Não sou londrina, mas tenho que admitir que "sunshine on my shoulders makes me happy" * , especialmente depois de vários dias tenebrosos de chuva. Quando o tempo está chuvoso por muitos dias eu me sinto murchando, como uma planta doente, buscando um pouco de luz e calor para voltar a florescer. Desculpem a depressão, mas já passou. Abri a janela ontem e o suave sol de setembro estava lá, acolhedor.
E eu soube, então, que sou um ser da luz, um animal de hábitos diurnos, mas com algo em comum com aqueles outros, que caçam à noite porém passam o dia esquentando a barriga ao sol. Em vez de caçar, prefiro dormir quando fica escuro, mas durante o dia, se pudesse, passaria o dia deitada de barriga para cima, aproveitando a energia solar para recarregar as minhas baterias internas, para fazer uma reserva para os dias de chuva.

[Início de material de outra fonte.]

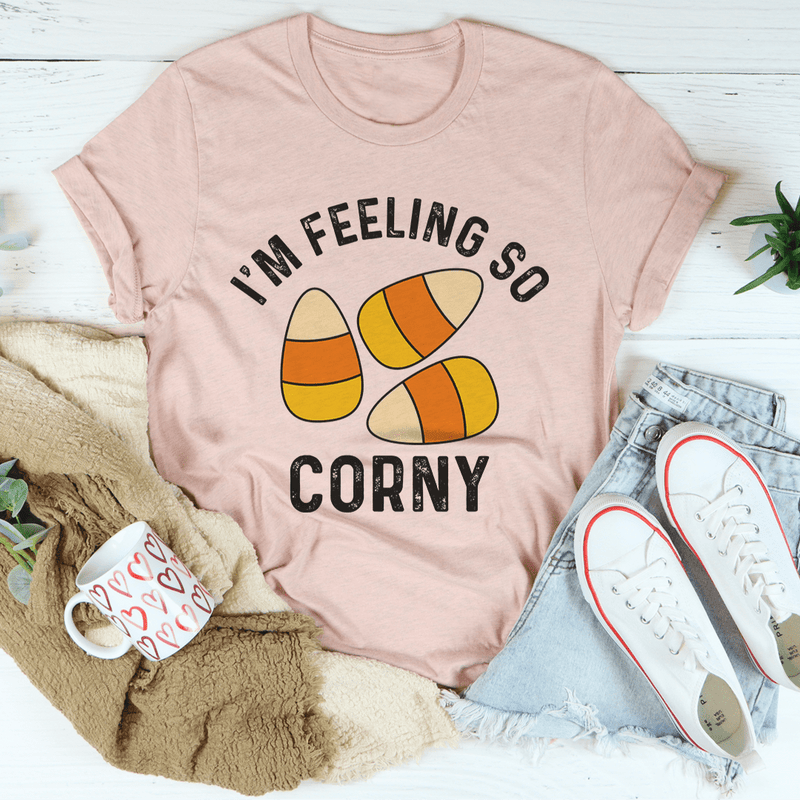I'm Feeling So Corny Tee Heather Prism Peach / S Peachy Sunday T-Shirt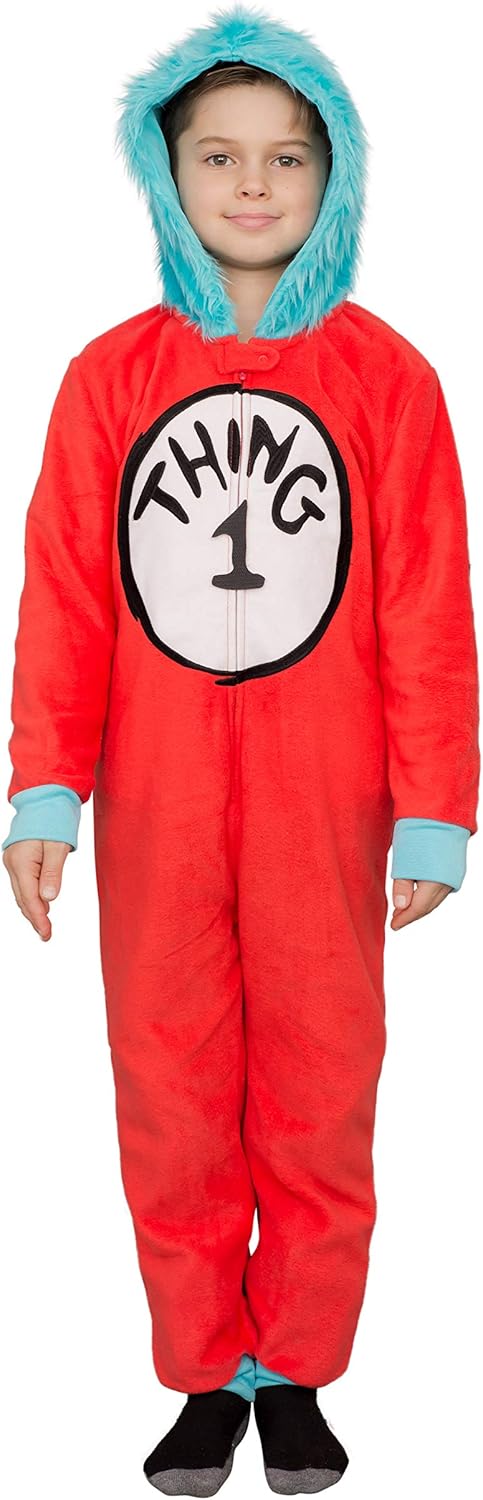 MJC Dr Seuss Thing 1 & 2 Kids Pajama Costume with Patches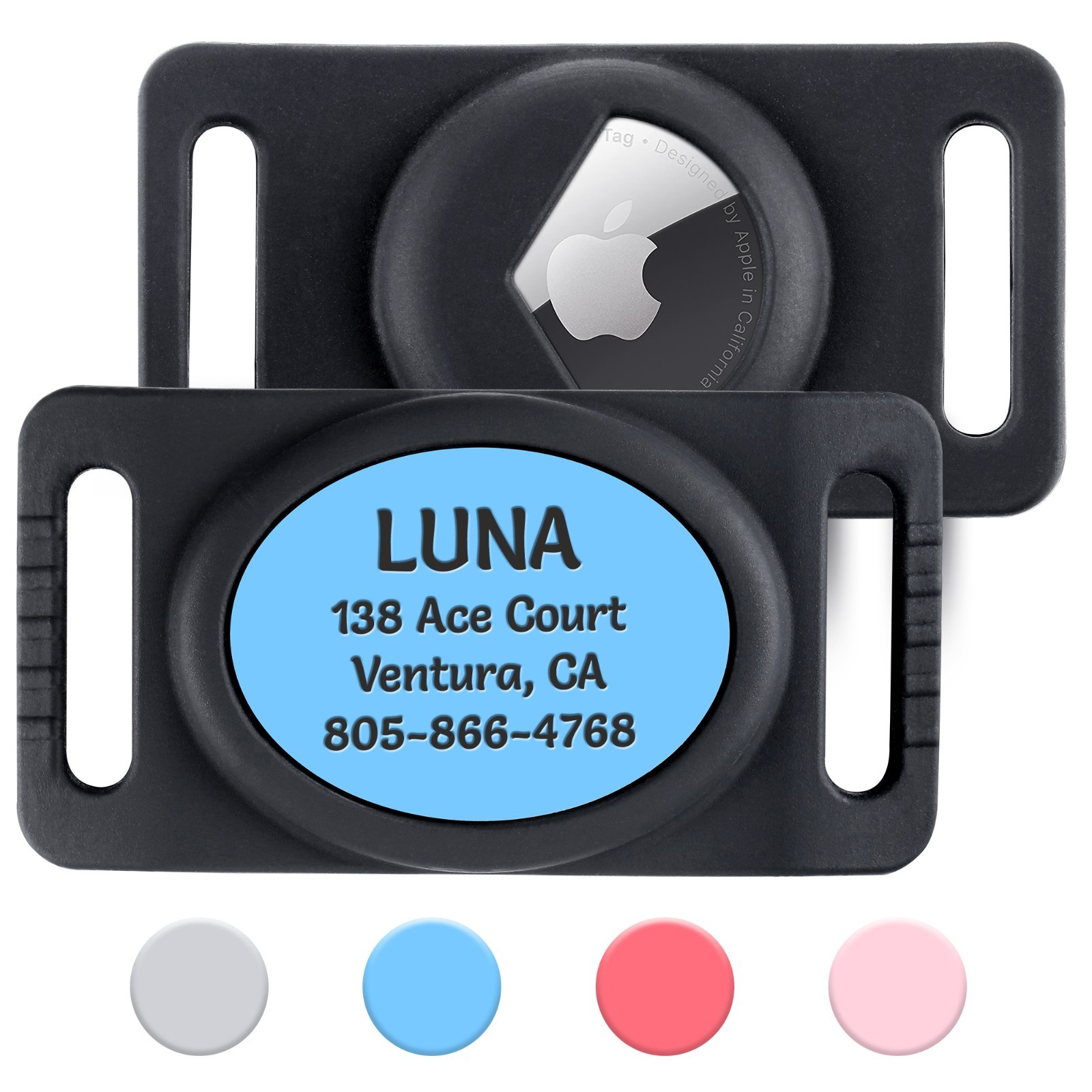 Leash King Personalized Pet Collar AirTag Holder, Slide-On Case for Dog and Cat
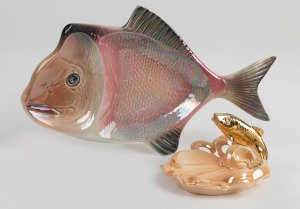 WEMBLEY WARE ceramic fish dish and a platter, factory marks to base, the larger 32cm wide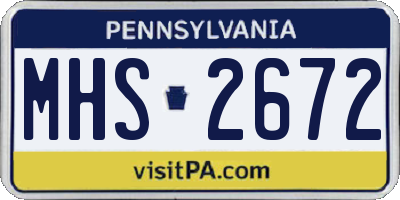 PA license plate MHS2672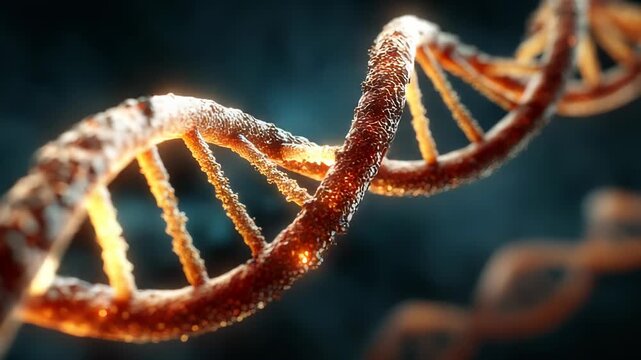 Close-up Rendering of a Double Helix DNA Strand for Medical, Scientific, and Genetic Research Illustration Purposes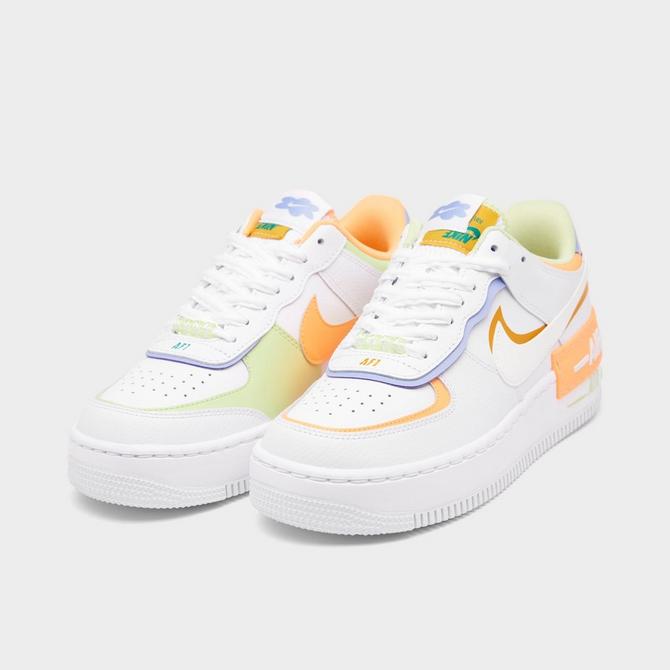 Nike White/Neon Yellow Leather Air Force 1 Shadow Low-Top Sneakers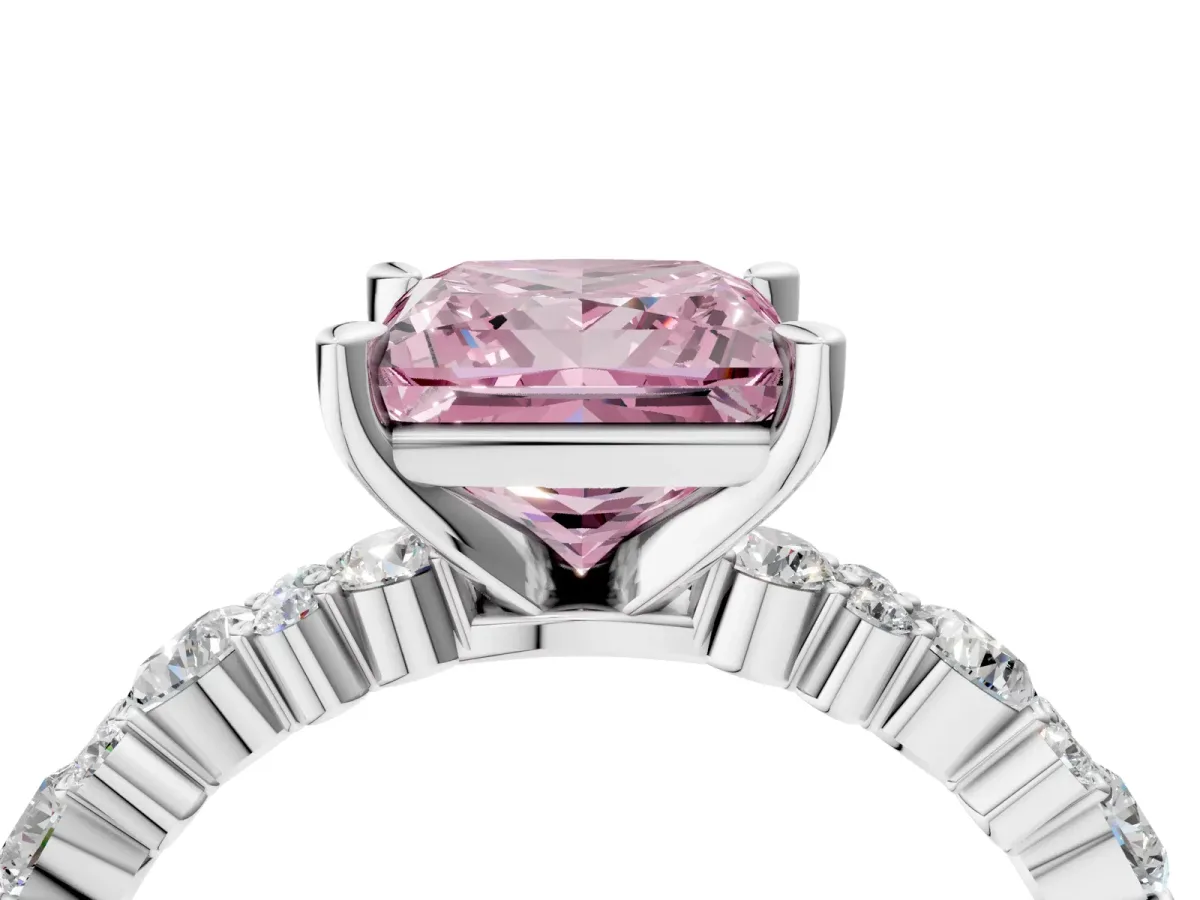 Fancy Pink Princess Cut Diamond Side Stone Solitaire Ring with Round and Four-Prong Setting Silver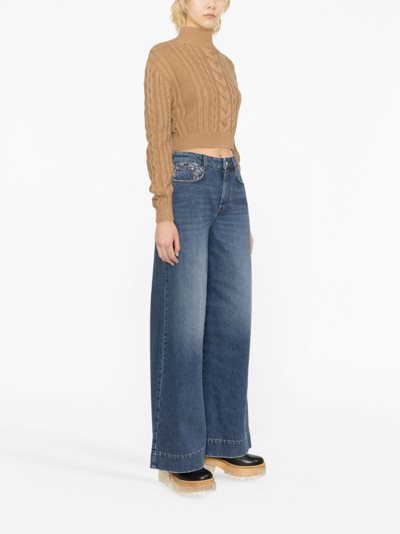 Shop Stella Mccartney Logo-print Wide-leg Jeans In Blue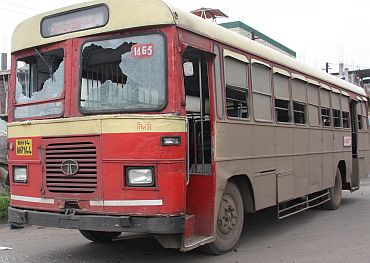 This State Transport Corporation bus too faced the brunt of agitators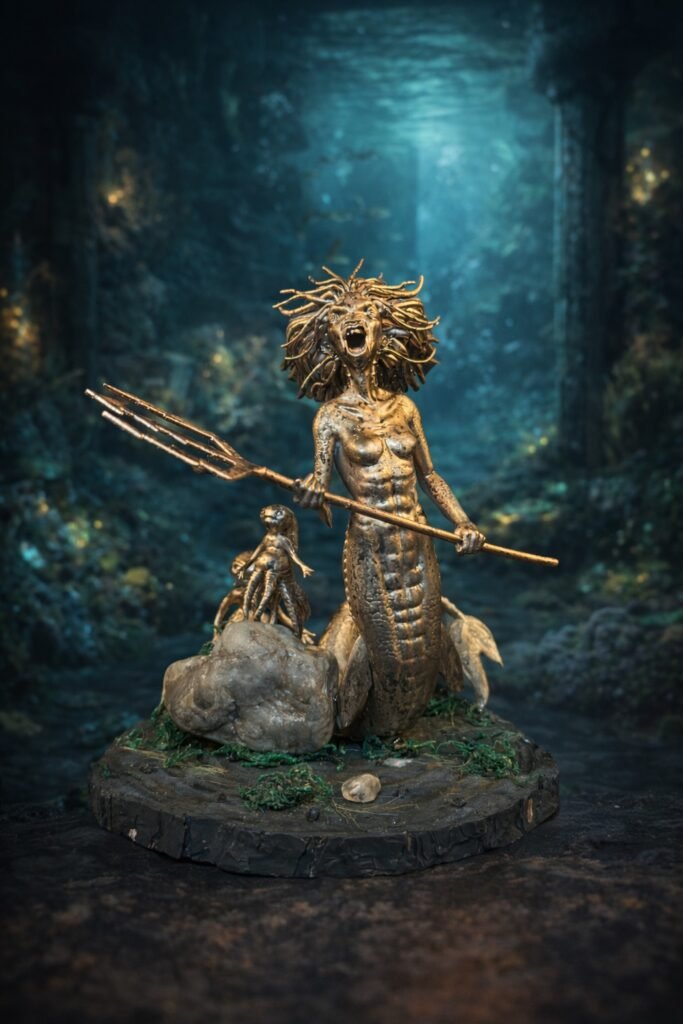 Sirena del Lago Encantado con Criaturas Acuáticas Sirena del Lago Encantado con Criaturas Acuáticas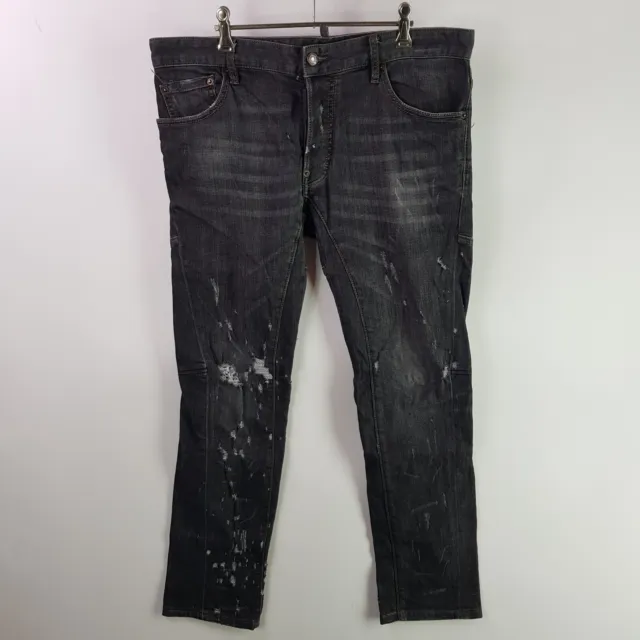 Dsquared2 Tidy Biker Denim Jeans Mens Size 54 Black Distressed Italian Slim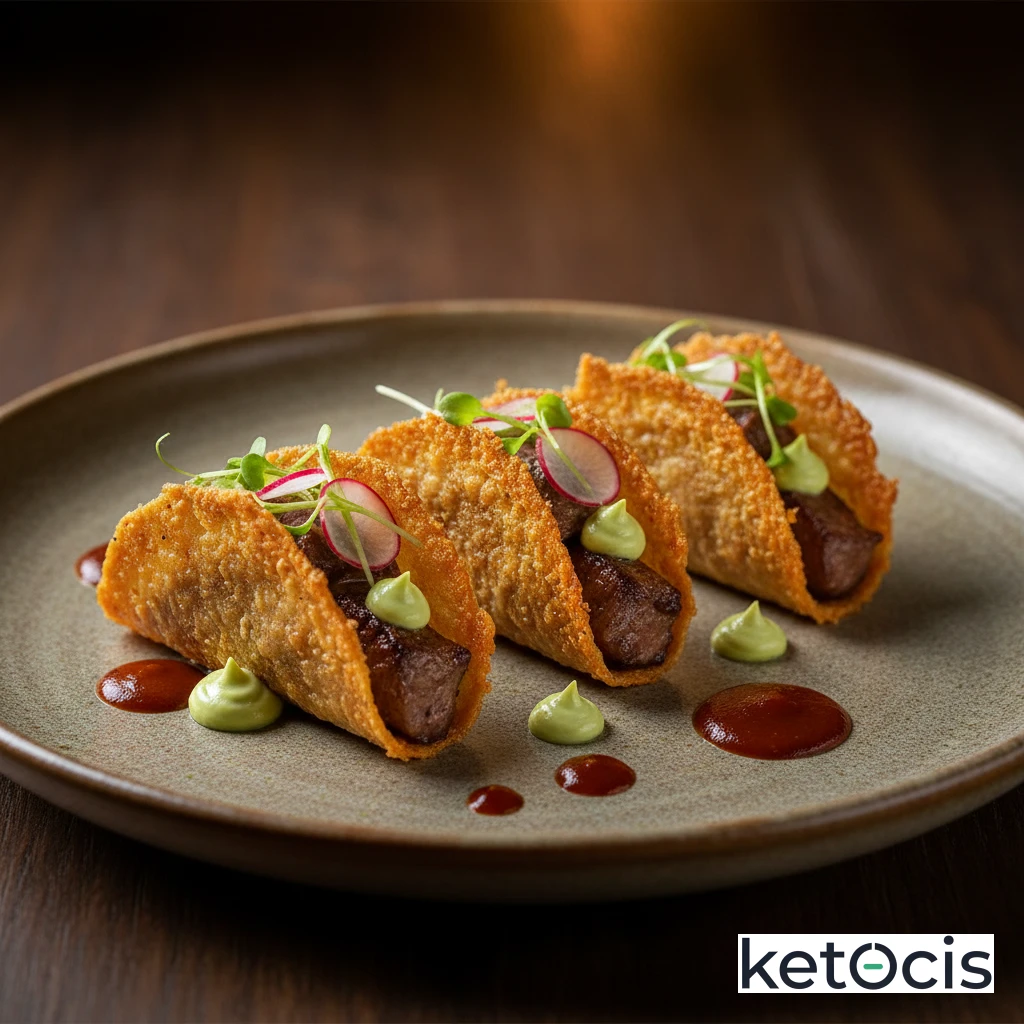Tacos Cetogénicos de Lengua de Res Suave en Costra de Queso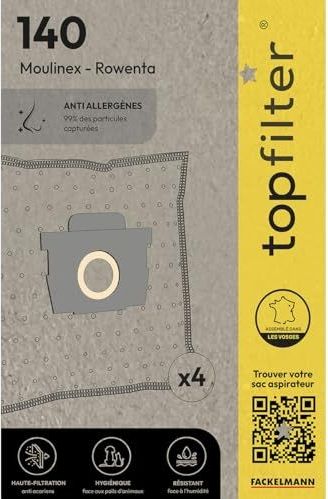 TopFilter 64140 4 Rowenta of Moulinex stofzuigerzakken, stofzuigerzak, stofzuigeraccessoires, polypropyleen vlies, rubber, karton, 30 x 26 cm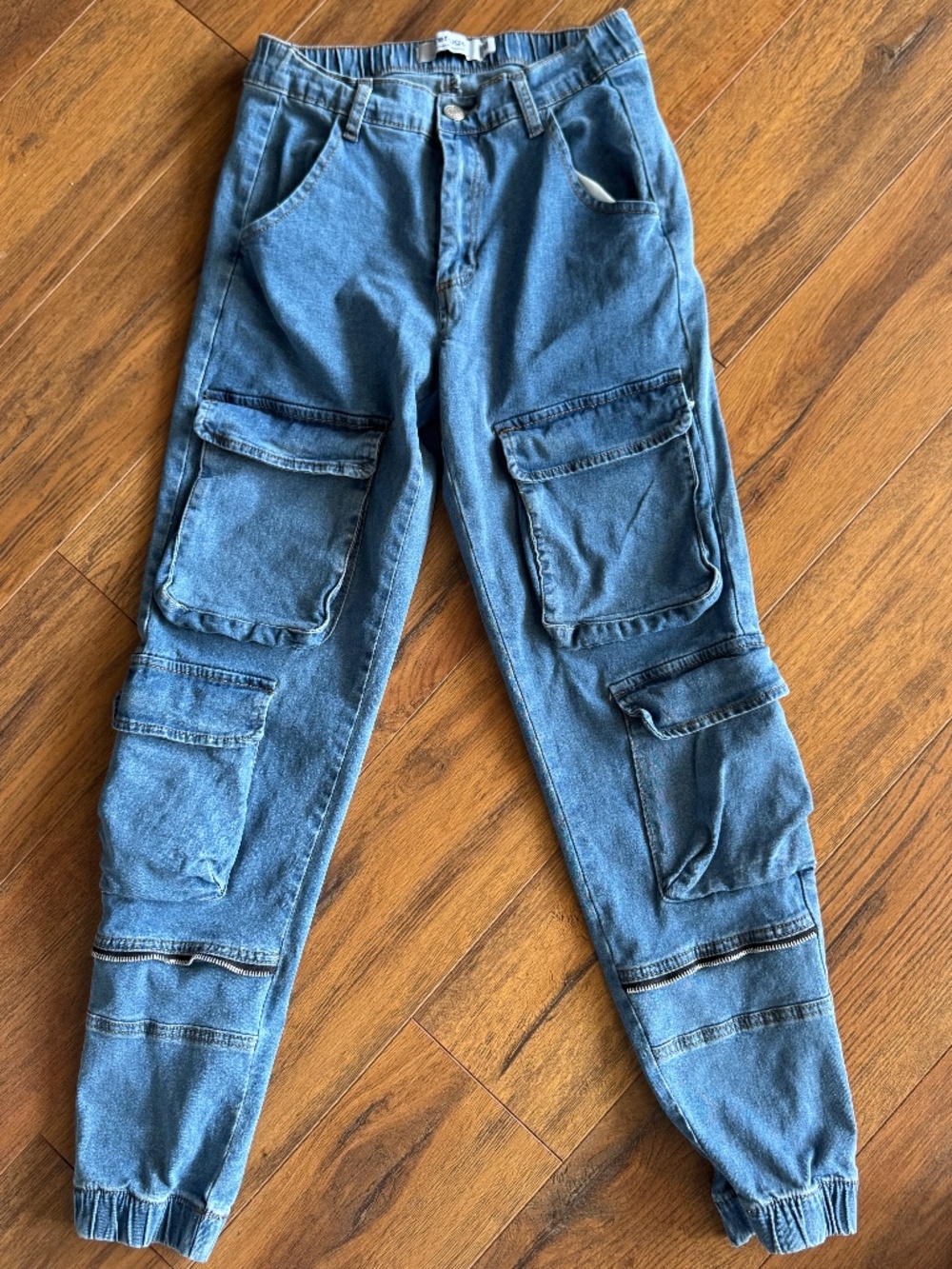 Refuge Denim Blue Cargo Jogger Jeans Utility Y2K Size M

Chuva só é boa para mim no verão, quando ela vem e passa. Chega súbita, escurece o dia, desaba furiosa e vai-se embora, deixando atrás de si a calma e o cheiro de terra molhada (cada vez mais raro, afinal, onde está a terra?). A bendita chuva de verão refresca o ar, nos alivia do calor. Mas como é bom aproveitar um dia claro de verão num parque, ir à praia, passar o dia com pouca roupa, bem à vontade. A gente parece mais vivo, mas intenso.
Tenho pena dos londrinos, dos noruegueses, dos canadenses, de todos aqueles que nasceram longe da linha do equador. É uma benção ter tantos dias de sol por ano, por vida.
Lembremo-nos disso quando nos abater o desânimo, o desespero. Acima das nuvens mais negras, está o sol, brilhando sempre. Mais cedo ou mais tarde ele vai vencê-las e sua luz nos alcançará. Por mais problemas que tenhamos, para nós, sempre haverá o sol.